POSTED: Wednesday, May 9, 2012 - 7:00am
UPDATED: Wednesday, May 9, 2012 - 7:04am
United States — Crown CEO Chuck Bentley has a message for college students and their parents—student loans aren’t the solution—they’re part of the problem. In fact, 2 out of 3 students will graduate with debt, according to The Student Debt Project. This year, as student debt has surpassed credit card debt, Crown is proposing a “12 Step” Program for families who may soon be in over their financial heads.
“The next great debt bubble to explode in this country will be student loans. The average graduate with debt owes $27,000 and the total outstanding debt for all student loans is nearly $1 trillion,” says Bentley. “What most families don’t realize is that they don’t have to be a part of it.”
Congress again this week will grapple with the extremely volatile issue of government subsidized student loan interest rates, which will double if new legislation isn’t passed to stop automatic increases. Add that to the fact that over the last three years, the cost of education at a four-year public college has gone up 25 percent, and you can see the financial strain on parents and students.
“All of this is happening at a time when the unemployment rate for young people in their 20s is above 12 percent and 85 percent of college grads are moving back in with their folks. In an already stagnant economy, the burden of having to pay back student loans only makes it tougher on young people starting out today,” said Bentley.
It doesn’t have to be that way, according to Bentley. “It’s entirely possible to attend college debt free. I know, because my two oldest boys have done it. We’ve still have two to go, and we don’t plan on taking out student loans for them, either.”
Bentley says that graduating debt free requires savings, planning and commitment, and a game plan that could include the following “12-Step” program:
1. Know yourself. Rather than just take prep-courses for the ACT and SAT tests, do some self-evaluation to choose the appropriate course of study. Crown’s Career Direct is a personal assessment that can help a student turn their passion into a career.
2. Treat high school as the place to work to earn the grades that will qualify students for scholarships and grants. It is the highest paying job for anyone age 14-18. For some, it could mean more than $100,000 of financial rewards.
3. Attend a community college for the first two years while living at home. It dramatically lowers the cost of a college education while still allowing the student to earn a diploma from the desired school.
4. Choose an affordable institution for an undergraduate degree, and save money for a master’s degree at the school of your choice.
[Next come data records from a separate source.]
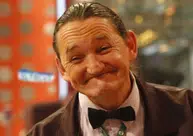 Humorista Marquito sofre acidente de moto e está em coma induzido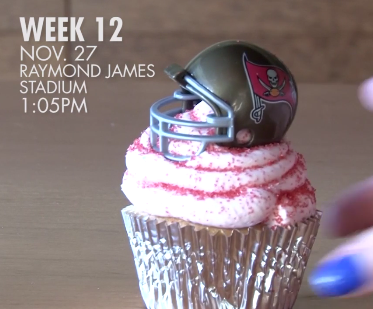 Seattle Seahawks Cupcakes - Perfect for game night with your friends! By  Exclusive Cakes by Tessa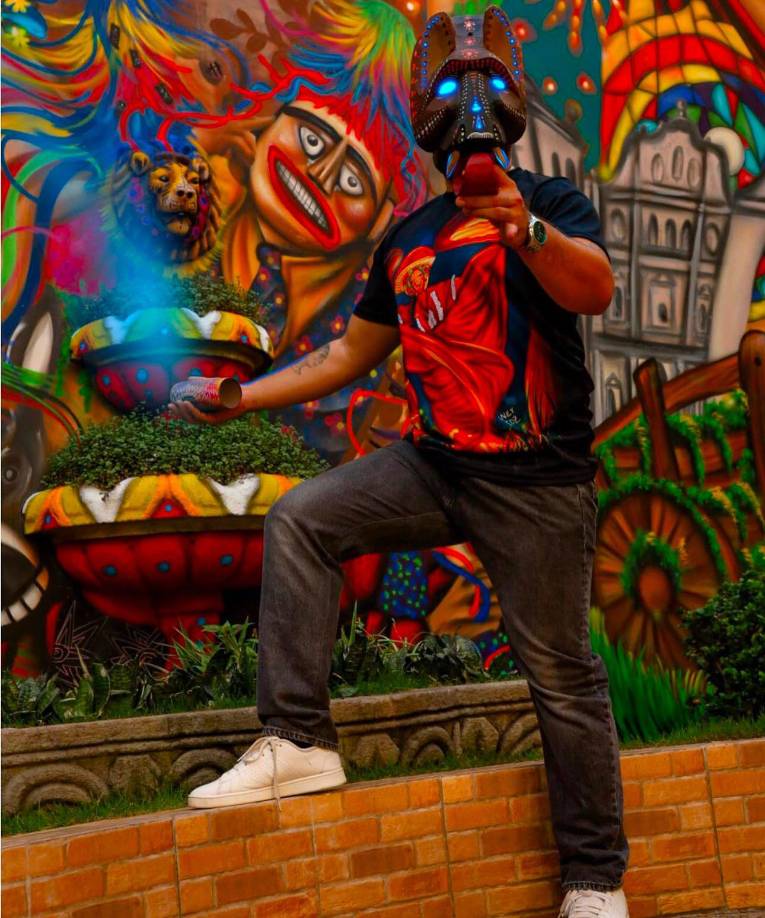 Ney Fernández manifestó que además de dicarse a pintar y retratar lindos paisajes , también es un apasionado en bailar folclor hondureño.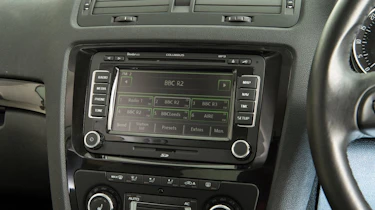 Used Skoda Octavia Mk2 - infotainment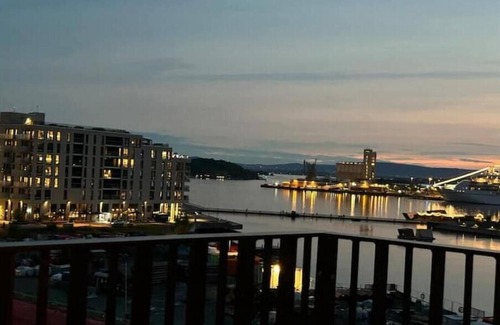Gamle Oslo Apartment | A luxurious apartment with a sea view in Bjørvika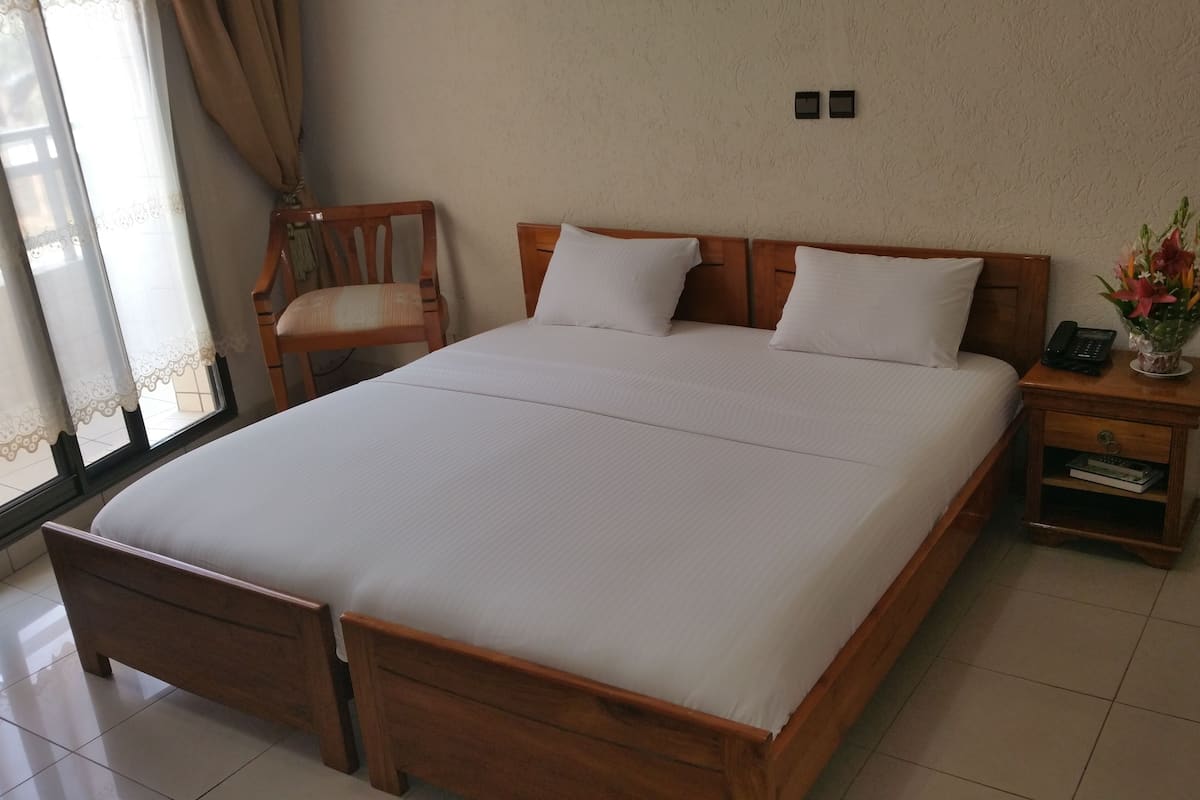 In-room safe, desk, soundproofing, free WiFi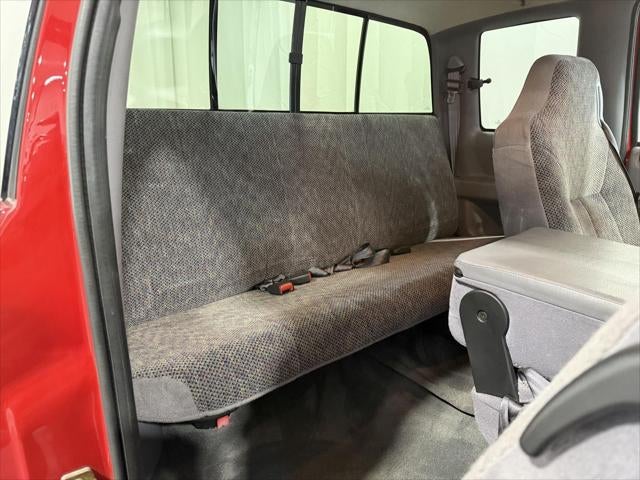 1999 Dodge Ram 1500 2dr Club Cab 139 WB 4WD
5. Take as many AP classes as possible while still in high school. The college credits earned there save money later.
6. Take dual or joint enrollment classes while still in high school. These are taught either in your high school or on a college campus. They are graded and count toward your GPA.
7. “CLEP” out of some classes. The College Level Examination Program, or CLEP, allows you to test out of certain classes. Study guides are available to help you learn enough material to pass the test.
8. Participate in the U-Promise program.
9. Turn a teenager’s web browsing skills to good use looking for scholarships off the beaten path. Many big box stores like Wal-Mart and Target offer a large number of small general scholarships for local students, from $500 to $1,000. Every little bit helps.
10. Work part time while in school, during breaks and over the summer. A student should be able to work part time to provide spending money while in school. Studies prove that students who work perform better in their classes.
11. Consider the military. By joining a military reserve unit, significant funds can be earned. As active duty military, student can earn GI Bill money for education.
12. Leverage your athletic ability. Sports scholarships have long been a path to college for talented athletes. Turn that God-given skill into a degree than can last a lifetime.
In the end, choosing debt should be done with a calculator and a good understanding of the long term implications. In general, for parent or students, only 5 % of after-tax, spendable income should go to debt repayment. When student debt (or any consumer debt) devours more than 8 percent of available income, financial stress will dramatically increase and may turn that dream degree into a nightmare.